Les coûts des guerres commerciales

Le 19 juin 2018 à 15h36

Modifié 11 avril 2021 à 2h47

GENÈVE- "Quand les éléphants se battent, c’est l'herbe qui souffre." Ce vieux proverbe africain s’applique aux guerres commerciales généralisées: si les grandes économies entrent en conflit, les pays en développement seront parmi les plus durement touchés.

Le 1er juin, l'administration américaine a imposé des tarifs sur les importations d’acier et d’aluminium, respectivement de 25% et 10%. Les prélèvements affecteront non seulement la Chine, mais aussi le Canada, le Mexique et les pays de l'Union européenne. Comme Cecilia Malmström, commissaire européenne chargée du commerce, a observé lors d'un événement organisé récemment par la Conférence des Nations Unies sur le commerce et le développement (Cnuced), "nous ne sommes pas dans une guerre commerciale, mais nous pourrions l’être". C’est une situation qui devrait préoccuper tout le monde.

L’histoire nous enseigne que personne ne "gagne" dans une guerre commerciale. Les hausses tarifaires des grands partenaires commerciaux représentent un renversement des efforts depuis la fin de la seconde guerre mondiale pour éliminer les obstacles au commerce et faciliter le commerce mondial. Depuis l’entrée en vigueur de l'Accord général sur tarifs douaniers et le commerce en 1947, la valeur moyenne des tarifs en vigueur dans le monde a diminué de 85%. Ce n’est pas un hasard; au contraire, c’est le résultat de la coopération multilatérale et de huit cycles de négociations commerciales mondiales, d'abord dans le cadre du GATT, puis sous l’égide de son successeur, l'Organisation mondiale du commerce.

Les réductions tarifaires, ainsi que les progrès technologiques, ont conduit à l’extraordinaire expansion du commerce mondial dont nous avons été témoins au cours de nos seules vies. En 1960, la part du commerce dans le PIB mondial se situait à 24%; aujourd'hui, elle est proche de 60%.

L'expansion du commerce a alimenté la croissance économique, créé des emplois et augmenté les revenus des ménages dans le monde entier. C’est un facteur clé de la montée des pays du sud, dont des dizaines de pays en développement ont connu une forte croissance économique et des changements sociaux positifs. En outre, elle a rendu possible l'une des réalisations les plus remarquables de l'histoire humaine: la sortie d'un milliard de personnes de la pauvreté en l'espace de deux décennies.

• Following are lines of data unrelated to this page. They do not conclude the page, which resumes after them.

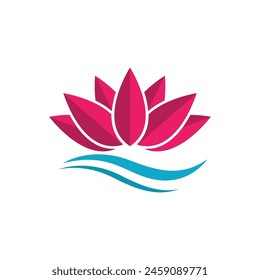 Beauty Vector lotus flowers design logo Template icon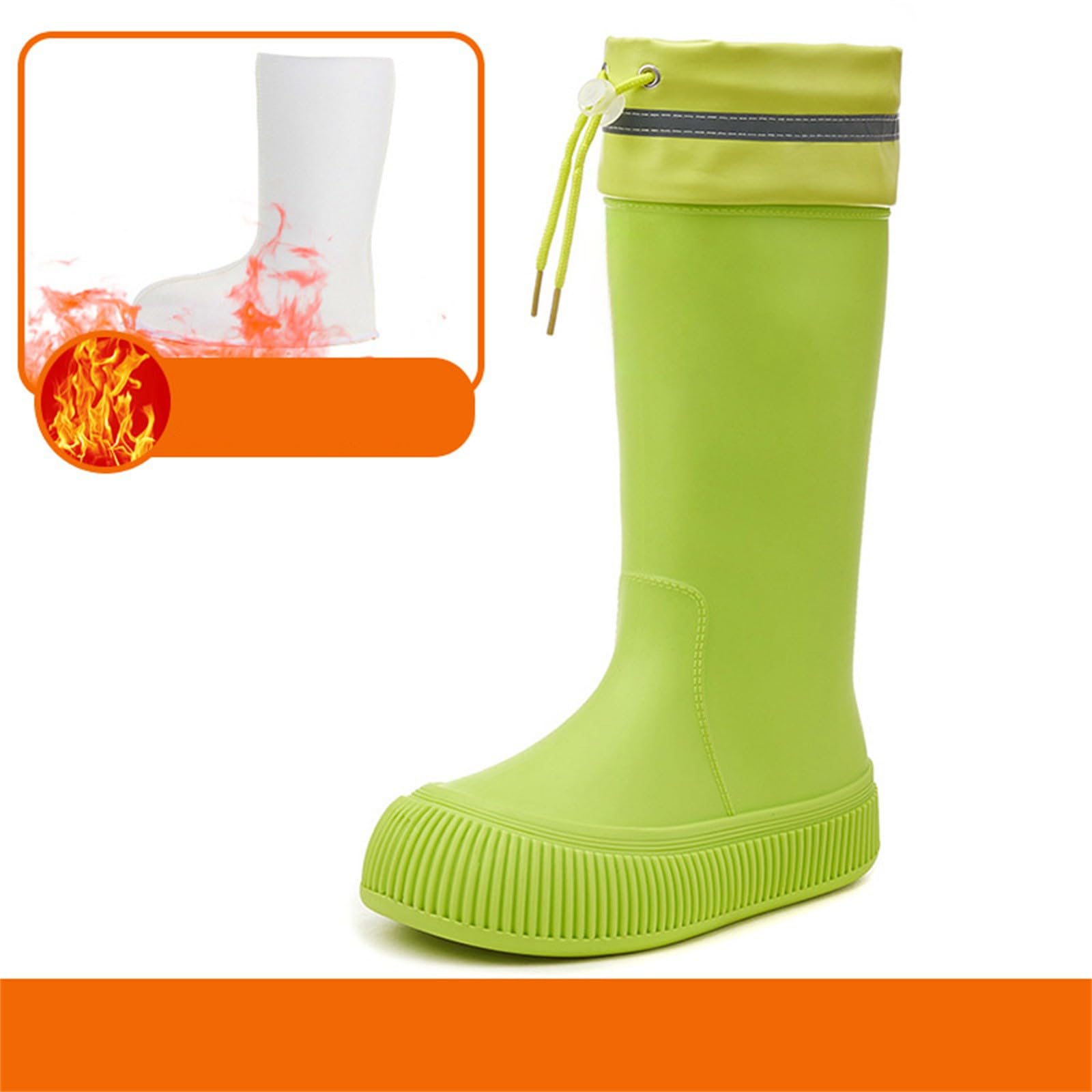 Botas de lluvia para mujer, forradas, botas de lluvia de goma, impermeables, botas de jardín, botas de Wellington, botines de goma antideslizantes, botas de lluvia, botas de lluvia largas, botas de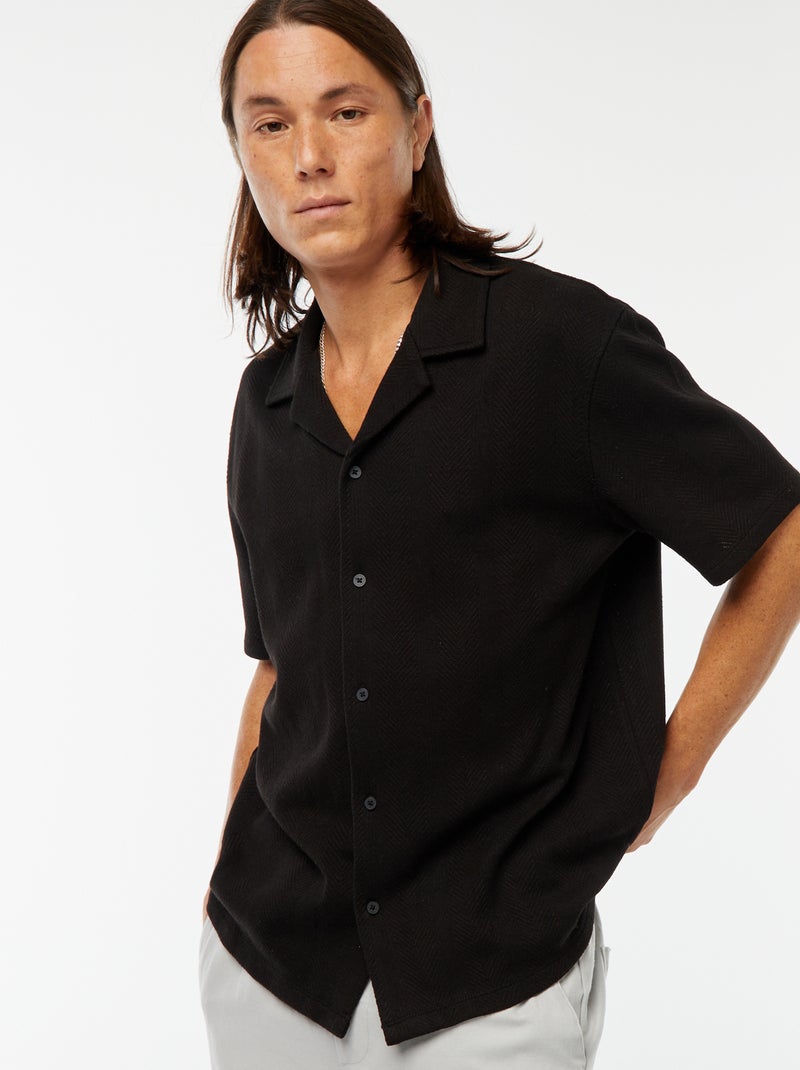 Chemise manches courtes en maille ajourée noir - Kiabi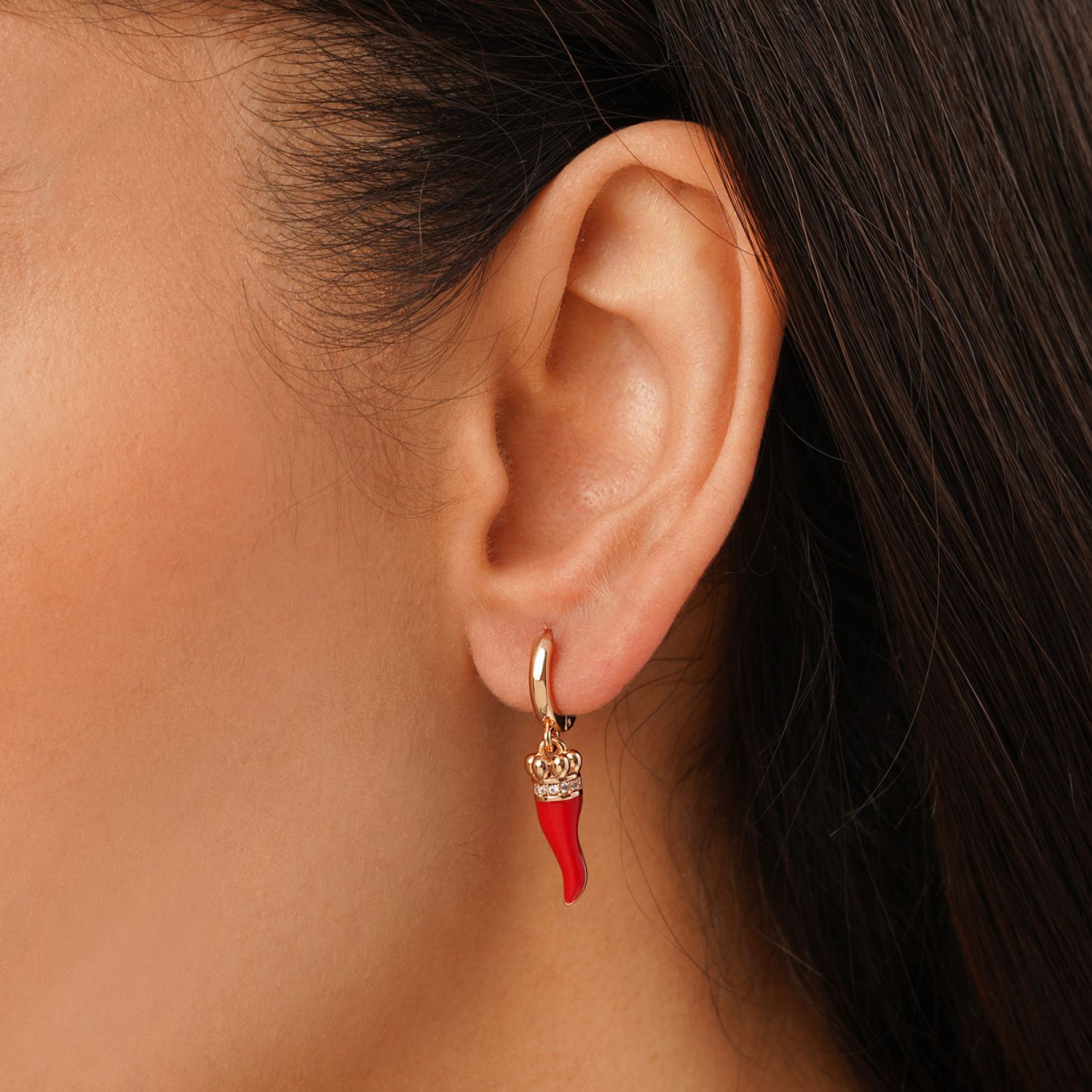 گوشواره شوپینگ حلقه ای طلایی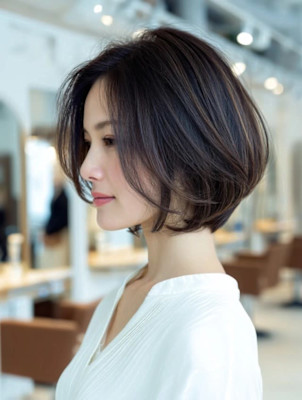 ショートボブ/くびれレイヤー/白髪ぼかしカラー/ブラウン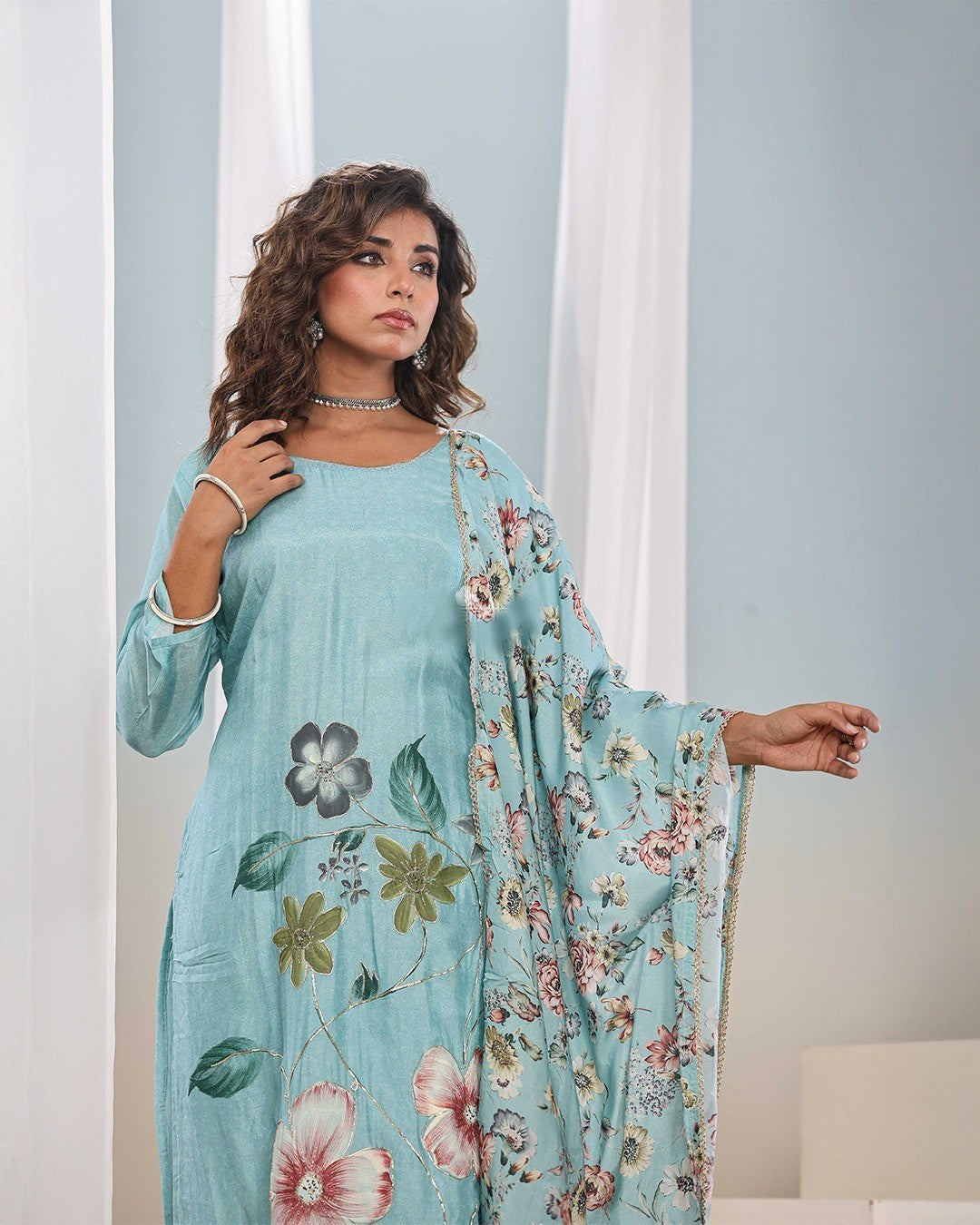Elegant Sky Blue Floral Embroidered Kurti Set with Dupatta – Premium French Crepe | Festive & Casual Wear (S–XXL)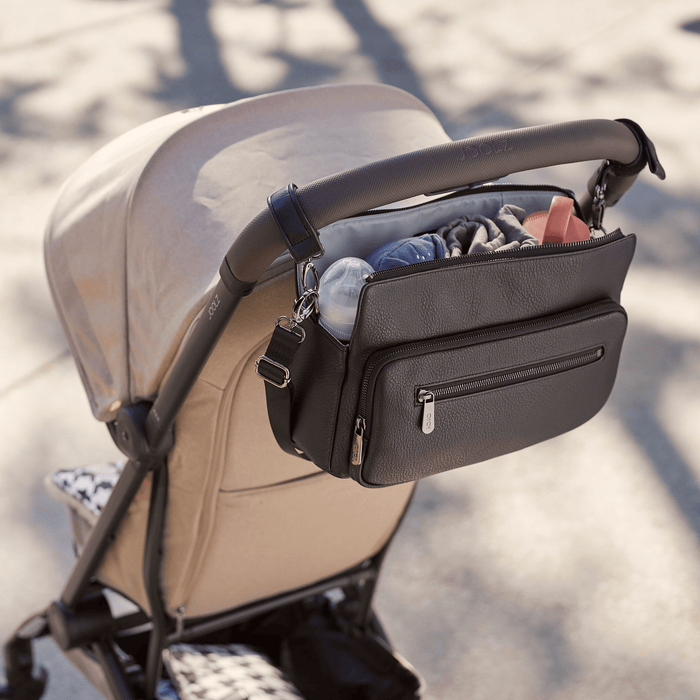 Multitasker Pram Caddy - Black Vegan Leather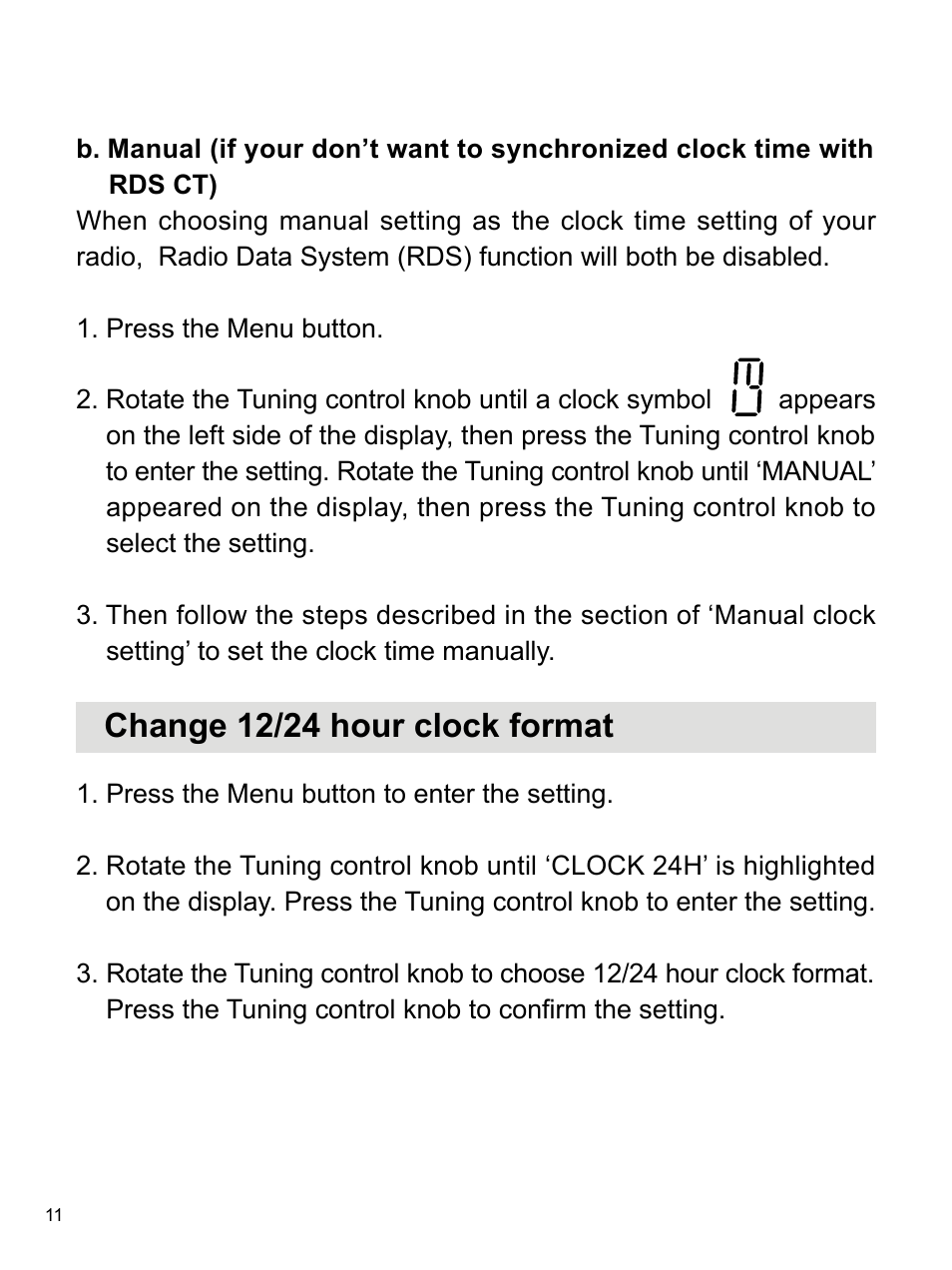 Change 12/24 hour clock format | Sangean WR-2 (R1) User Manual | Page 12 / 30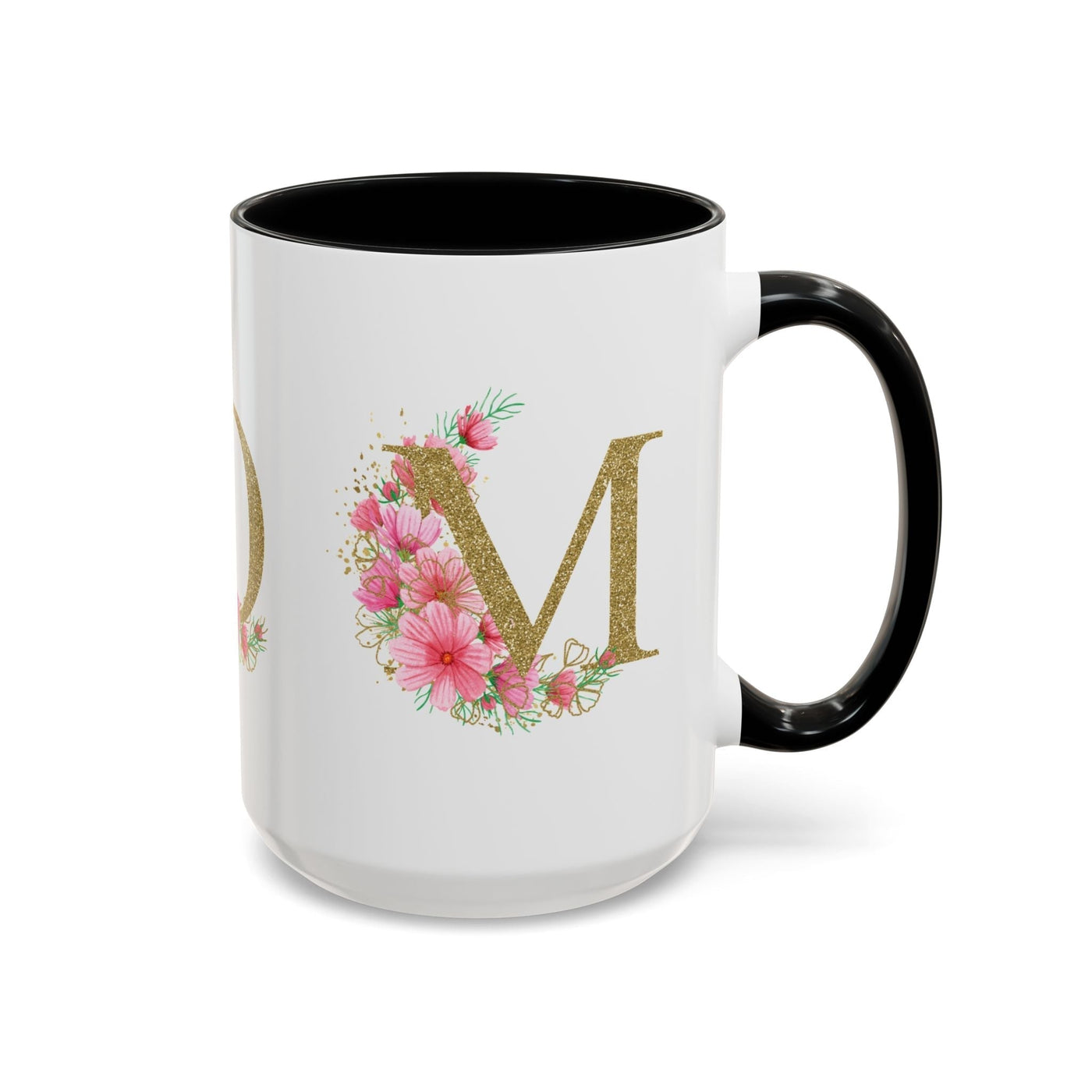 Custom Mother's Day mug with floral design, personalized accent coffee cup, white ceramic with black handle.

Pourtant, l'expansion du commerce n'a pas profité à tous de manière égale. Et, dans certains cas, elle a entraîné une dégradation de l'environnement et un déplacement économique, qui a donné la sensation à beaucoup de gens d’être laissés pour compte. Ce sont des questions graves et légitimes qui doivent être solutionnées. Mais l'unilatéralisme n'est pas la façon de le faire. Les défis mondiaux exigent des solutions mondiales.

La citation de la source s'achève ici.